Je suis donc retourné à mon engouement premier pour l’improvisation, c’est-à-dire: la “Saturation” (voir le lien sur “taking the audience on a journey” pour mon explication complète sur le concept de Saturation). L’objectif, alors que je place mes doigts sur le clavier et commence à jouer, est de ressentir le fluide musical dans sa dimension la plus complète, riche et puissante. Je veux être imprégné de cette sentation de musique. Je veux que chaque partie de mon corps se remplisse de cette musique. Au fur et à mesure de l’improvisation, je deviens de plus en plus avide de cette sentation de plénitude, je la désire un peu plus à chaque phrase musicale. (Étant donné, que je suis censé accompagner un enchainement très précis de pas de danse, je suis en l’occurence “Saturé” de cette sensation de Danse). Mon effort est entièrement focalisé sur une ouverture personnelle visant à ressentir une plus grande richesse de sentations.

Aussitôt après avoir renoué avec le concept de “saturation” plutôt que de chercher la nouveauté, de nombreux problèmes se résolurent d’eux-même. Je n’ai plus du tout été confronté à l’impasse “d’essayer de trouver quelque chose de nouveau à jouer”. Mon travail n’était plus de chercher quelque chose à jouer mais s’est dès lors résumé à poser mes doigts sur les touches et à les utiliser au profit d’une expérience la plus complète et riche possible. Je pouvais commencer à jouer sans même avoir d’idée précise. De quel style de musique s’agissait-il? Dans presque tous les cas, il s’agissait de quelque chose d’étonnament nouveau, une approche d’un exercice de danse habituel que je n’avais jamais explorée auparavant. Mais rien à voir avec une hasardeuse “nouvelle idée”, il s’agissait de quelque chose de réellement bien; simple, clair, efficace, et excessivement expressif. Dans certains cas, la musique n’était pas particulièrement nouvelle, il s’agissait de la variation d’une approche familière, mais le résultat était bien meilleur qu’il ne l’avait été depuis longtemps. Le tout était aussi passionné, sincère et profond que limpide et bien exécuté.

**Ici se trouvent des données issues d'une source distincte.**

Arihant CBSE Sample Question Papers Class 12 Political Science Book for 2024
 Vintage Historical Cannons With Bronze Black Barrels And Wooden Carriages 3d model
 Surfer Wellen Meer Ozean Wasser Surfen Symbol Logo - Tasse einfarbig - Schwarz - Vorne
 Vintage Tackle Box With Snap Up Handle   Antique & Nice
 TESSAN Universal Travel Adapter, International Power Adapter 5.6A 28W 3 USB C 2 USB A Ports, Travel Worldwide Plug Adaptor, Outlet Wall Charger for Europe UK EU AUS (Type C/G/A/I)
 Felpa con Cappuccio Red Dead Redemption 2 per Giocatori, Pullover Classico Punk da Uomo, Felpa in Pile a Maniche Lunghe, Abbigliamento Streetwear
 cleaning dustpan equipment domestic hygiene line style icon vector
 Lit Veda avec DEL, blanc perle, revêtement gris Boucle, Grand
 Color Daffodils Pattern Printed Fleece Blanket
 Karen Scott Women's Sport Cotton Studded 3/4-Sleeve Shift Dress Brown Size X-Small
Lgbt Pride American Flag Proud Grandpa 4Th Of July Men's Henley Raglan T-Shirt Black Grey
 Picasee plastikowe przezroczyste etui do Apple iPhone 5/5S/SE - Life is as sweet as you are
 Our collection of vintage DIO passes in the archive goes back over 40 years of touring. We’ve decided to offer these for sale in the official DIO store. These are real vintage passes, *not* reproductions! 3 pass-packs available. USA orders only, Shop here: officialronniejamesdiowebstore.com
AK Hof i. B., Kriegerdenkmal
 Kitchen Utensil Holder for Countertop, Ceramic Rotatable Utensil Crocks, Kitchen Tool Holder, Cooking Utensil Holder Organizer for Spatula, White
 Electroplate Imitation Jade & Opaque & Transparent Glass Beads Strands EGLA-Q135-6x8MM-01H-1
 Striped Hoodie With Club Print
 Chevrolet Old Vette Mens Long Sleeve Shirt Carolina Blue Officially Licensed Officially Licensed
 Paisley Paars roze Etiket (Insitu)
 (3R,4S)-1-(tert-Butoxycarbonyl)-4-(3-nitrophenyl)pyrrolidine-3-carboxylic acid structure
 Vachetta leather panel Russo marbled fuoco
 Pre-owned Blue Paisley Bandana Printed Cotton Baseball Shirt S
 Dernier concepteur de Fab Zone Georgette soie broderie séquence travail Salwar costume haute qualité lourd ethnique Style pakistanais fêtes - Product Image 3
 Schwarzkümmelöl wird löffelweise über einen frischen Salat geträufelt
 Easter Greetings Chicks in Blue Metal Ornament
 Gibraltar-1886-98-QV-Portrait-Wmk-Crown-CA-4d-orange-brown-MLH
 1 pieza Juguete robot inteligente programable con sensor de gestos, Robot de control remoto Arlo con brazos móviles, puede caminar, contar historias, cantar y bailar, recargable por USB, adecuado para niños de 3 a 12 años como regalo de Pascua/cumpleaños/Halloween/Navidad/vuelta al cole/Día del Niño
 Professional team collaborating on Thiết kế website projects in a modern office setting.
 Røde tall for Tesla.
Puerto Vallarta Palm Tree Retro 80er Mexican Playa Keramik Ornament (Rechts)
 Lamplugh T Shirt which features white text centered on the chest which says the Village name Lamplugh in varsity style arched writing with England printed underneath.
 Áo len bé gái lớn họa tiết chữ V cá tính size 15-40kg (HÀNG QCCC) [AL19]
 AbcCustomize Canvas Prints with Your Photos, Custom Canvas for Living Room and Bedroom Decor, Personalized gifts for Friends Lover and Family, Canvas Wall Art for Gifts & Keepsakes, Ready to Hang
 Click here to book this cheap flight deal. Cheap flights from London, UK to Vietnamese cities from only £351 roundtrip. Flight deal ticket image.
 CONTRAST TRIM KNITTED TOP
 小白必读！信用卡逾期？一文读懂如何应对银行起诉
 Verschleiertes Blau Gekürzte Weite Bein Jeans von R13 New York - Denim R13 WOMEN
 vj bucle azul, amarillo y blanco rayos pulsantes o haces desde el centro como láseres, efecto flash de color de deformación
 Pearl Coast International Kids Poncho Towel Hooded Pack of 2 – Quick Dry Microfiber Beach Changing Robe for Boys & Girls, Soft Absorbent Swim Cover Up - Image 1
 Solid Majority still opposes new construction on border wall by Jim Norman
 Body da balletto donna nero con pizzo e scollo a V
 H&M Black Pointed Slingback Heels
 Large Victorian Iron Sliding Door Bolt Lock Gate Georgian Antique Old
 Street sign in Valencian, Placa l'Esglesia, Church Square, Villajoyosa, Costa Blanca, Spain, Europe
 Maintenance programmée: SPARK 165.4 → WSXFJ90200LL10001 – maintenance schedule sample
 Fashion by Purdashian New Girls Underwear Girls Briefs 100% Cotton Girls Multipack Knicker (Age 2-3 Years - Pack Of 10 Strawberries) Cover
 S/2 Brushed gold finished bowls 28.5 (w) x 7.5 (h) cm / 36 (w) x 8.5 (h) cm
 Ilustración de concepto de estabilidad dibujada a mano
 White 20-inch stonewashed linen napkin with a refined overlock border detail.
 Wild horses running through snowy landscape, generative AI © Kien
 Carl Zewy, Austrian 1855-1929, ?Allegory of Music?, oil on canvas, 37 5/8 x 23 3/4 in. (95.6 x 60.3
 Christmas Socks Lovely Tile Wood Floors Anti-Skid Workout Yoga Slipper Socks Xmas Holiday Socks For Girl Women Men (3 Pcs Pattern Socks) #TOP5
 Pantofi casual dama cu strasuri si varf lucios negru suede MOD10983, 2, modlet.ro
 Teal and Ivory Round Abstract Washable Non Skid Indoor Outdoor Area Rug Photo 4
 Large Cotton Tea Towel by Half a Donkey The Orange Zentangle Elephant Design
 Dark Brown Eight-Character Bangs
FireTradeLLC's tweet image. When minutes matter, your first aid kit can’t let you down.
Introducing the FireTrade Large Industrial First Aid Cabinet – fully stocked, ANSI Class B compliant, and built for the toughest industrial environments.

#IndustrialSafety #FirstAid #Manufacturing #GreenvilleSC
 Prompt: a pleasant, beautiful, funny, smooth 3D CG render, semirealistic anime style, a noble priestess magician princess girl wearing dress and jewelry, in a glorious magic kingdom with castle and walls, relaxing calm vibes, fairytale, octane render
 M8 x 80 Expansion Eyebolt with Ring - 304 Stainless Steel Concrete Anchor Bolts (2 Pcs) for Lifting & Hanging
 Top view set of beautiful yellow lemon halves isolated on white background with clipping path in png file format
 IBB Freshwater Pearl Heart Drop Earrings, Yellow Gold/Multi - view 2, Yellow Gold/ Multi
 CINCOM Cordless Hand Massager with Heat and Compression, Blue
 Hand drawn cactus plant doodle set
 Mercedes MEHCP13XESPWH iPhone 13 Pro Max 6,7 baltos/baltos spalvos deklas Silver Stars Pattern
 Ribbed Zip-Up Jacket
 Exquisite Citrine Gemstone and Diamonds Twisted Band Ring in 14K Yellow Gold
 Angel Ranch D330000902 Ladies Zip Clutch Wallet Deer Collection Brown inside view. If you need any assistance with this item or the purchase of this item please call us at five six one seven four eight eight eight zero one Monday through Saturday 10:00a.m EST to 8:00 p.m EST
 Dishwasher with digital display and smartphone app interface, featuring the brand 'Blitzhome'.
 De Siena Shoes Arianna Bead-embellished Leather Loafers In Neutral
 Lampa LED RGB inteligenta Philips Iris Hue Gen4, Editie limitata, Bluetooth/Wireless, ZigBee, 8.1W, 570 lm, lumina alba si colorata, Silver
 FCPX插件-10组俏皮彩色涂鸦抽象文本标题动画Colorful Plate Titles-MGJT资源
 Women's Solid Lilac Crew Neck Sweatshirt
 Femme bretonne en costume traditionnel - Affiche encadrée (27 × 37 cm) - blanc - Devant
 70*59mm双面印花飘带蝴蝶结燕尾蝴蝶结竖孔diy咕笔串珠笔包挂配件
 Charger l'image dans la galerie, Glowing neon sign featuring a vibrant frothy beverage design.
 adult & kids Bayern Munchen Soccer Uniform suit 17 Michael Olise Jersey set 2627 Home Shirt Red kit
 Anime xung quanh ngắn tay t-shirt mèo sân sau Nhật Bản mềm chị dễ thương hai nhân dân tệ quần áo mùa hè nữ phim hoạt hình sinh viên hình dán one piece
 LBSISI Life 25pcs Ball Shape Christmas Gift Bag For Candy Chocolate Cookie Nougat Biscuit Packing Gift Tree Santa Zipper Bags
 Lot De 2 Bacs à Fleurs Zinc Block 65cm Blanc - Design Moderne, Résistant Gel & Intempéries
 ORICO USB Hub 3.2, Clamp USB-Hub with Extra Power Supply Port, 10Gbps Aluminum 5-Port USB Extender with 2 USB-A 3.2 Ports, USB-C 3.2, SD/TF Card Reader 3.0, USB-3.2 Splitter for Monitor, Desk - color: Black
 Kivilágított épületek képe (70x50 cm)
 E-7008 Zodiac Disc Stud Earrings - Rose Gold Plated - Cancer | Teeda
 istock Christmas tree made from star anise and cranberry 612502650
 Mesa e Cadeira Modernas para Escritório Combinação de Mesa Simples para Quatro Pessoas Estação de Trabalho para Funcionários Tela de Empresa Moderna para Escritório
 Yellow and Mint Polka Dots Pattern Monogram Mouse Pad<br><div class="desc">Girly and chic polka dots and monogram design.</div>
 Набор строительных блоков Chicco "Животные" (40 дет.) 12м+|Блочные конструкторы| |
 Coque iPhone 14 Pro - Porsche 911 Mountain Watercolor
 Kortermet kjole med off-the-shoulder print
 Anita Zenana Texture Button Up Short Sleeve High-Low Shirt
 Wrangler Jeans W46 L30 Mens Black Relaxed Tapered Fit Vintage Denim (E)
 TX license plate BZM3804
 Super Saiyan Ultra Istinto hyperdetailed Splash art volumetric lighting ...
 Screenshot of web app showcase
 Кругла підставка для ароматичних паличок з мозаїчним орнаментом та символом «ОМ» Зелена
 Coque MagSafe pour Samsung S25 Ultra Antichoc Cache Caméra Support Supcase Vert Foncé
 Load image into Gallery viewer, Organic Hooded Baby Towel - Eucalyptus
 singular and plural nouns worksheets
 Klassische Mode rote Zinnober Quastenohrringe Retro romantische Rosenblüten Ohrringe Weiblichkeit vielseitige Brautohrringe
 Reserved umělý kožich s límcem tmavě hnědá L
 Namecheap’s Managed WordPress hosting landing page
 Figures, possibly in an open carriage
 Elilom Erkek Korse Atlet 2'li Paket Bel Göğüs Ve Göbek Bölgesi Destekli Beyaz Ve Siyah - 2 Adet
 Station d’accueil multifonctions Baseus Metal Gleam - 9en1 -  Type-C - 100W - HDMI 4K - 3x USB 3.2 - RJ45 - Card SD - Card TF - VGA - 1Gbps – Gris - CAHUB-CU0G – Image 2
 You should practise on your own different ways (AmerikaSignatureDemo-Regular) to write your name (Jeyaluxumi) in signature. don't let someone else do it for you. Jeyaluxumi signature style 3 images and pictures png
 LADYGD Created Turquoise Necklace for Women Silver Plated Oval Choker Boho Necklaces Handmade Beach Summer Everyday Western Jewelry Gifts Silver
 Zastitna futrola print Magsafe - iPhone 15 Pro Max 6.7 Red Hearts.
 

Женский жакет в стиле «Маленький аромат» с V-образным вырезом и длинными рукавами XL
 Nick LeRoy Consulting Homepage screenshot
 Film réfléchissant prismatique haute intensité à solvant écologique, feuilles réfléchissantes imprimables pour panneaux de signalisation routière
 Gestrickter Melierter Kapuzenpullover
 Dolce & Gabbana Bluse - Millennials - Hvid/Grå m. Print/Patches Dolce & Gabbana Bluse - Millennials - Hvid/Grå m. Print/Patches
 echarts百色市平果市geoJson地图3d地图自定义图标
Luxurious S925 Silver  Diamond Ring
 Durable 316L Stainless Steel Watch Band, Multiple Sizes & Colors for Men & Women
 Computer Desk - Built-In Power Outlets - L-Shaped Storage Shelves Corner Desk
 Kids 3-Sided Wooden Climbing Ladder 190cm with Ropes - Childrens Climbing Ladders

Les effets furent immédiatement visibles par tous. Les professeurs commencèrent à insister auprès de leurs élève sur la musicalité: “Écoutez cette musique formidable qu’il est en train de jouer. Dansez, pour mieux dialoguer avec cette musique !”. Les élèves vinrent me voir en fin de classe pour me dire qu’ils avaient beaucoup apprécié ce que je jouais. Et surtout, j’avais moi-même apprécié plus qu’à l’accoutumé, ce que je faisais.

En d’autres mots, lorsqu’une routine accablante et morne s’installe, il existe un moyen d’en sortir: chercher la qualité et la vérité au lieu de la nouveauté même. Souvenez-vous qu’il n’aie qu’un but dans une représentation: l’expérience et l’unicité du moment dans toute sa qualité, aussi riche et complète que possible. Gardez en tête cet objectif et les resultats seront nouveaux et uniques à chaque fois.